At the moment, I am flippantly giving a competing merchant's legal counsel a lot of grief. They're sending me cease-and-desist nastygrams about my use of their brand as an AdWords keyword, and I'm telling them (in a sufficiently businesslike fashion) to go pleasure themselves and rotate.
My question: pending the results of other litigation around this issue, appeals, Supreme Court decisions or even new legislation, could I be found retroactively liable?
| 10:39 pm on Dec 17, 2004 (gmt 0)|
LC - Talk to your lawyer. It's a complex question that deserves a fully explored answer.
| 10:56 pm on Dec 17, 2004 (gmt 0)|
luckychucky, I applaud you for standing up to this kind of intimidation; however, I hope you've evaluated the risks. The biggest risk to you is simply that your competitor will choose to litigate. You'll waste considerable time and expense in defending yourself.
What we've seen so far with the Geico case is that the courts are interpreting trademark law in such a way that it absolves the publisher from the issue of trademark infringement due to keyword targeting, and has gone on record saying that the practice is not inherently confusing to the consumer. However, that doesn't mean that should you go to trial that the judge will find that your ads were not confusing to the consumer.
You need to make a financial analysis of how much business you're getting from the ads versus the potential litigation costs.
| 7:10 am on Dec 18, 2004 (gmt 0)|
The thing is, my ad never quotes the competitor's name anywhere, nor does my site. It simply says: 'Wholesale Widgets: Compare Prices and Quality', and shows up in AdWords when their brand name is searched on Google.
A federal judge has ruled that using a competitor's trademark as a keyword trigger for PPC ads is not a confusing misuse of the mark--that (stated in the language of trademark law) it is not likely to create the erroneous belief that my goods or services are authorized by, sponsored by, licensed by, or are in some way associated with their brand.
If I am not mistaken, this was the only possible legal vulnerability, and it has been eliminated in federal court (pending a theoretical appeal: ok).
Beyond this, legitimate comparison of products is solidly sanctioned by law, as is competitive advertising which does not impugn the reputation of another company, and which does not erroneously imply any confusing connection between the two companies as described above.

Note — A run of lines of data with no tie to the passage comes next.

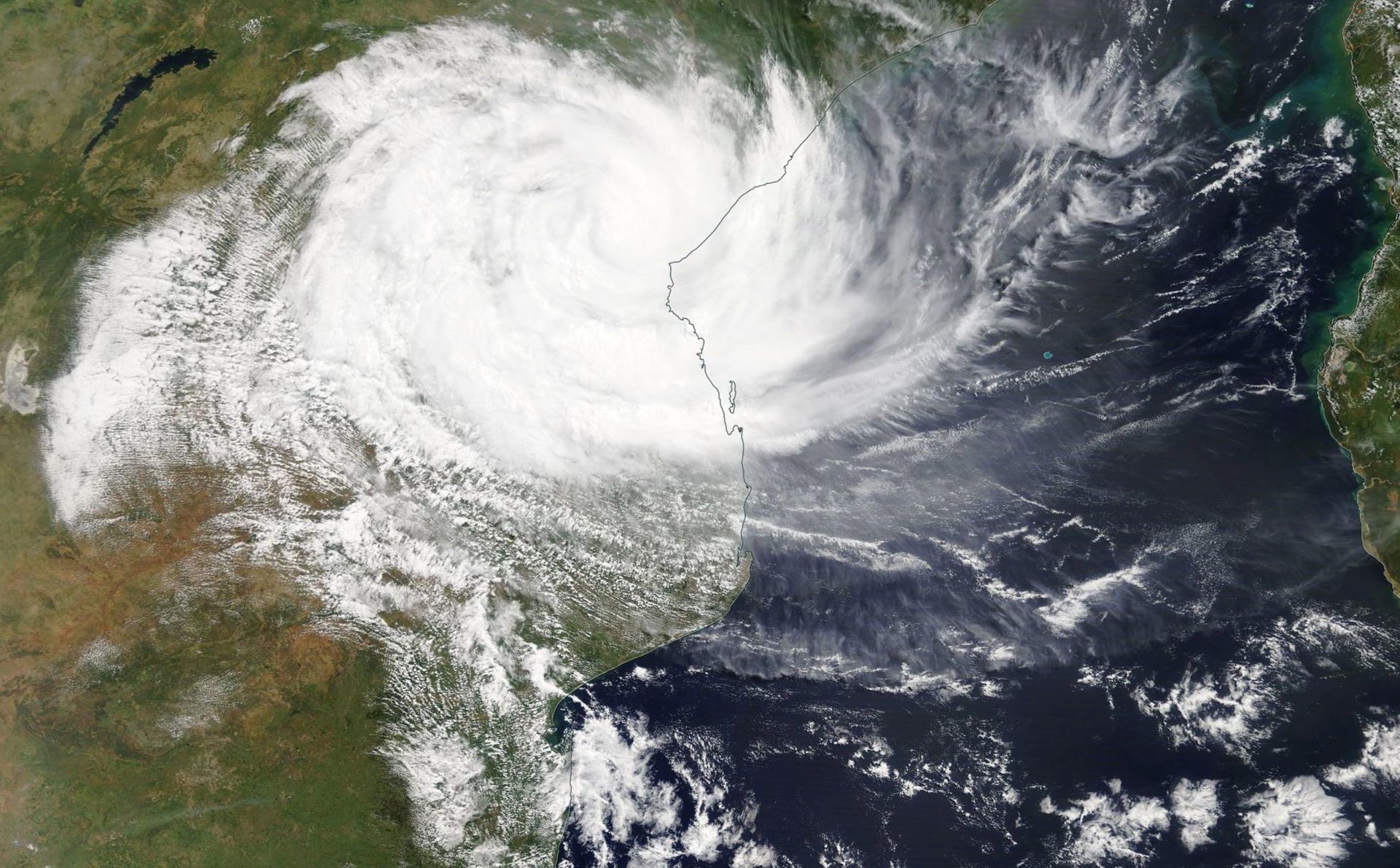 epa07439646 A handout photo made available by the NASA shows a Terra/MODIS satellite image of cyclone Idai as it hits Mozambique, 15 March 2019. Cyclone Idai made landfall in Mozambique.  EPA/NASA WORLDVIEW / HANDOUT  HANDOUT EDITORIAL USE ONLY/NO SALES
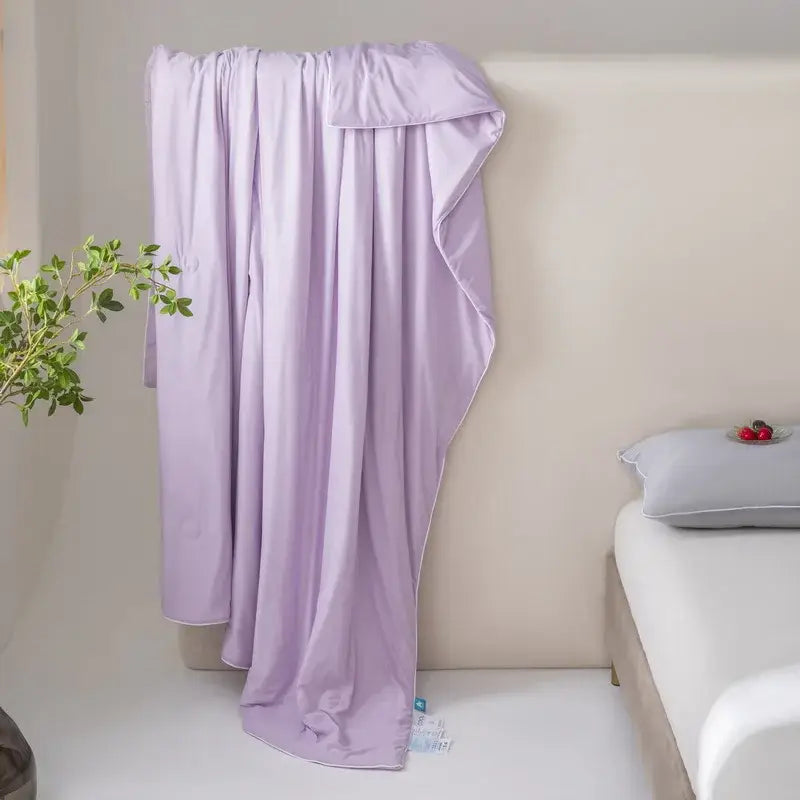 A soft lavender decorbites cool fiber summer blanket with smooth texture draped over a bedhead for cooling comfort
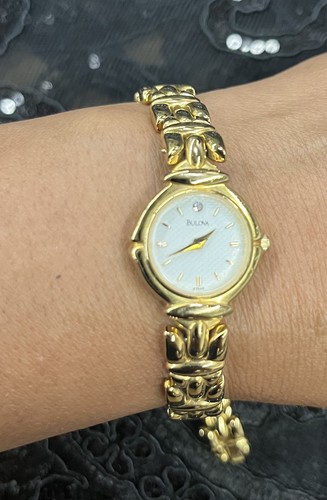 Bulova woman gold tone watch - woman's,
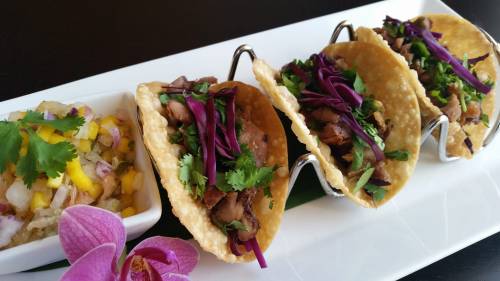 Three tacos filled with meat, topped with purple cabbage and cilantro, served with a side of mango salsa.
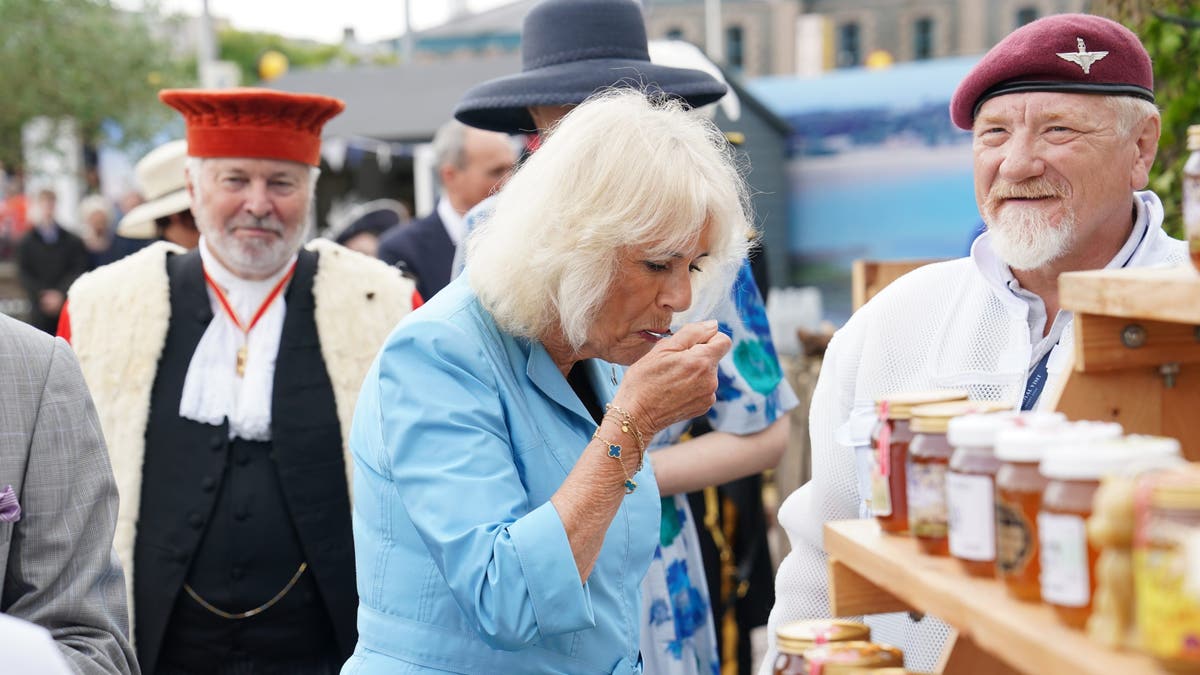 A photo of Queen Camilla tasting honey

In other words, I believe it's in the bag. Now, being grateful for and seriously heeding your wise warning, could I survive defending a nuisance lawsuit, despite that it would be launched with no legal merit whatsoever from the getgo? Maybe, maybe not. Does such a prospect frighten me? Honestly: yes it does. But they could sue me for anything, anything at all just the same, any frivolous lawsuit whose sole aim is to drain my resources and sink my company, regardless of the fact that the case hasn't a shred of a legal leg to stand on... I might as well cower in fear and never challenge their market dominance by my mere existence then, play it safe and pray for their tolerant indulgence.
My ads and website do nothing but tout the quality and value of only my own products, period. No other brand is ever slighted, compared or even mentioned.
| 5:51 pm on Dec 19, 2004 (gmt 0)|
LuckyChucker-- for what it's worth;
If you intend to keep the keyword then hire an attorney to communicate with their lawyer. Opening communication without representation is foolish.
Your attorney will sound them out and get to their bottom line hopefully for under 4 billed hours. So for under $1,000 you will get an idea how hard they intend to fight. If your adversary is a Fortune 500 you are probably screwed unless your lawyer has case law in hand supporting you. If it is a mom and pop organization they may back off once they see you "may" be willing to fight. No one but lawyers like drawn out legal proceedings.